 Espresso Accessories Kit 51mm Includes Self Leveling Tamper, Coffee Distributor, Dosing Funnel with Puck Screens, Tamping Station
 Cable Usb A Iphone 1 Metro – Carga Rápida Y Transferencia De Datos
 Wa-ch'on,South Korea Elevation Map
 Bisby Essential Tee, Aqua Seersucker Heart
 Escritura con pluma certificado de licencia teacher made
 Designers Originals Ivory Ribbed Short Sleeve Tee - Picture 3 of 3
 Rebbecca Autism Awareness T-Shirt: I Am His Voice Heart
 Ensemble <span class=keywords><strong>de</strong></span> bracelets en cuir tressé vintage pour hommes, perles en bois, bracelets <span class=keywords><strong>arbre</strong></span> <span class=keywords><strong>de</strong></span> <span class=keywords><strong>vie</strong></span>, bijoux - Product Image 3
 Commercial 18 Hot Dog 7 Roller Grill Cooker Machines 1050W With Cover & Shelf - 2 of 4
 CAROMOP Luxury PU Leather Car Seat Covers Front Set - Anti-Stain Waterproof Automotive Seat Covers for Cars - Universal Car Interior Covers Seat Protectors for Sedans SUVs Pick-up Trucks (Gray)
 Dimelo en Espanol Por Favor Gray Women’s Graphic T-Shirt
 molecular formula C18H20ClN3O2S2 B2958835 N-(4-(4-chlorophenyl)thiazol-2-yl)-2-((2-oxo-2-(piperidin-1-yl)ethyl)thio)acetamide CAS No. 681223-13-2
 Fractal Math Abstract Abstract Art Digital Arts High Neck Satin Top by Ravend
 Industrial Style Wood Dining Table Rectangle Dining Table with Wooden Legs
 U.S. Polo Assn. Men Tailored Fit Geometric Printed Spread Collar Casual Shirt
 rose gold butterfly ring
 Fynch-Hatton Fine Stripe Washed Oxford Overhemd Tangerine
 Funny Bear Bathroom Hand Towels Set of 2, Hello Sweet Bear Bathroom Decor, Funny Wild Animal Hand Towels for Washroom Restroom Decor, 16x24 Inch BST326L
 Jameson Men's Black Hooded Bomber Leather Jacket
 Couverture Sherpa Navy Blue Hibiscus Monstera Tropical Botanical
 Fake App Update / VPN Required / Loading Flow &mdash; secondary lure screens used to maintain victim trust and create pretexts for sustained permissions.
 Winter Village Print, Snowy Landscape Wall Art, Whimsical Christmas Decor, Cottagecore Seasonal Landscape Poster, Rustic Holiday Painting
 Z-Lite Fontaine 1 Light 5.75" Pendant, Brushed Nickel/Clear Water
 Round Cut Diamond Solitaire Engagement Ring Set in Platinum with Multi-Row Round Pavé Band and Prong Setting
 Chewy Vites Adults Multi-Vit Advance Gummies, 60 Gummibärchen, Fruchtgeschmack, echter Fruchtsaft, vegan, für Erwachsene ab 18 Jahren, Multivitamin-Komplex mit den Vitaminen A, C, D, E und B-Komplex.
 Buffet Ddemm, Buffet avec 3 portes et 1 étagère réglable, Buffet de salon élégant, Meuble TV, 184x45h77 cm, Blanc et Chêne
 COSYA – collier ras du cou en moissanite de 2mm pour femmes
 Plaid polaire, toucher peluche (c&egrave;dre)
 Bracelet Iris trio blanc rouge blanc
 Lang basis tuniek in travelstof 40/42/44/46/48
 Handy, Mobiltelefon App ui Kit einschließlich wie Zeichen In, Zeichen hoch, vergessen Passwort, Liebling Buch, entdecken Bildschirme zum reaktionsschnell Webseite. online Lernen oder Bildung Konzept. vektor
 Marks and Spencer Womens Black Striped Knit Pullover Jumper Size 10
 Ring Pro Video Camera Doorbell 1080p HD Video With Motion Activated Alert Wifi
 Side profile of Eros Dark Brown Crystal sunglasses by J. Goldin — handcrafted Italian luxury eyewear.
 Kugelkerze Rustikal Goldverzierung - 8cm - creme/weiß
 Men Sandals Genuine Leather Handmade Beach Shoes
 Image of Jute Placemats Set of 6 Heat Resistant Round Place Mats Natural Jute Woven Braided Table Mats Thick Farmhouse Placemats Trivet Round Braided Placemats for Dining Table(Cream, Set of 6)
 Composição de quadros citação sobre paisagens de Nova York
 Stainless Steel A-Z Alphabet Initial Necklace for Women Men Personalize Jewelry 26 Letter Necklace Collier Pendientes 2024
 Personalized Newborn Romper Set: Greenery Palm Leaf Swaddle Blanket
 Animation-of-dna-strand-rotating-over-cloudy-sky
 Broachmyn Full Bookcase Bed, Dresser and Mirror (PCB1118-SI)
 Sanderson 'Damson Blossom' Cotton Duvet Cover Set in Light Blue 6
++++++
» **Exercise**:
Reproduce, exactly and without additions, the run of lines from the start of the listing above to the line bearing "Escritura con pluma", inclusive.

» **Response to the task**:
 Espresso Accessories Kit 51mm Includes Self Leveling Tamper, Coffee Distributor, Dosing Funnel with Puck Screens, Tamping Station
 Cable Usb A Iphone 1 Metro – Carga Rápida Y Transferencia De Datos
 Wa-ch'on,South Korea Elevation Map
 Bisby Essential Tee, Aqua Seersucker Heart
 Escritura con pluma certificado de licencia teacher made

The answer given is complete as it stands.